How to get a approx nature of $f'''(x)$ graph from the given data ( Graph techinque using LMVT etc., or using just calculus both suffices ) The above mentioned title is for giving a rough graph for $f'''(x)$ , such that we can show that there exists some values of $f'''(c) \ge 6$. Problem where i encountered this:  " If $f(x)$ is a function with a continuous third derivative on $[0, 2]$ such that
$f(0) = f'(0) = f''(0) = f'(2) = f''(2) = 0$ and $f(2) = 2$, then minimum number of value(s) of $c$ belongs $[0, 2]$
such that $f'''(c)\ge 6$ ", What I tried is that I draw graphs of $f(x) ,f'(x) , f''(x)$ and tried to use LMVT to conclude something useful for $f'''(x)$ ,but seems like graph way is too much messy and I know there are many cases which the graph can be for every type , so I thought some calculus way might be there leaving the graph technique.
 A: A third derivative is very hard to see from a graph.  It can make a sharp corner on a graph.  Your function starts out very flat at $0$ and ends up very flat at $2$.  If the third derivative is small the function can't rise very quickly from $0$ and won't have time to get to $2$.  You are told the Taylor series at $0$ is $kx^3$ plus higher order terms and the Taylor series at $2$ is $2+k'(x-2)^3$ plus higher order terms.
If there are no points where the third derivative is $6$ or greater, you can bound the second derivative by integrating $6$.  You can integrate twice more and bound the value of the function from above.  You can do the same starting from $2$ and going downwards.  If you can make the values and derivatives match you can exhibit a function that never touches $6$ and claim victory.

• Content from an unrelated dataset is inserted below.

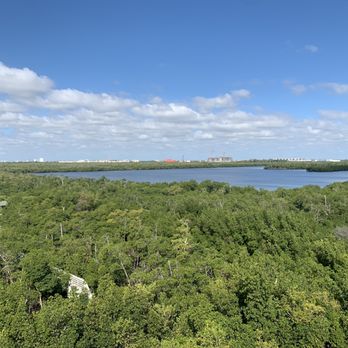 Anne Kolb Nature Center - Tower views - Parks Near Me - Hollywood, Florida
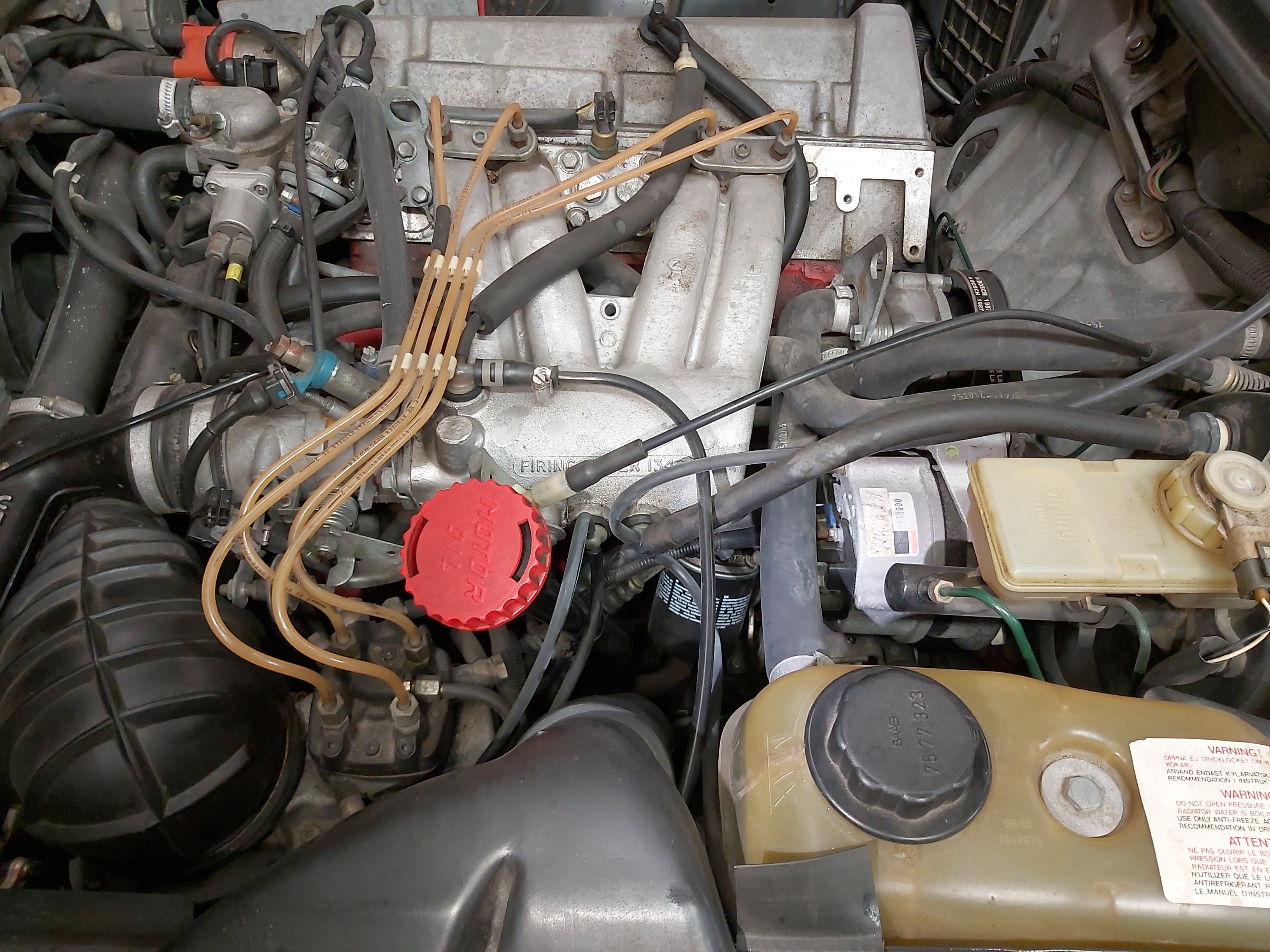 IMG_20250226_191445 IMG_20250226_191445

If not, you probably need $f'''(x) \ge 6$ over an interval, so the number of points is uncountable.  A more interesting question would be to show you can succeed with just one interval.  Intuitively you could jump with a(n almost) square wave from $0$ to almost $2$ with one bit of $f'''(x) \ge 6$.  Can you slow down enough to arrive at the other end without the third derivative getting large?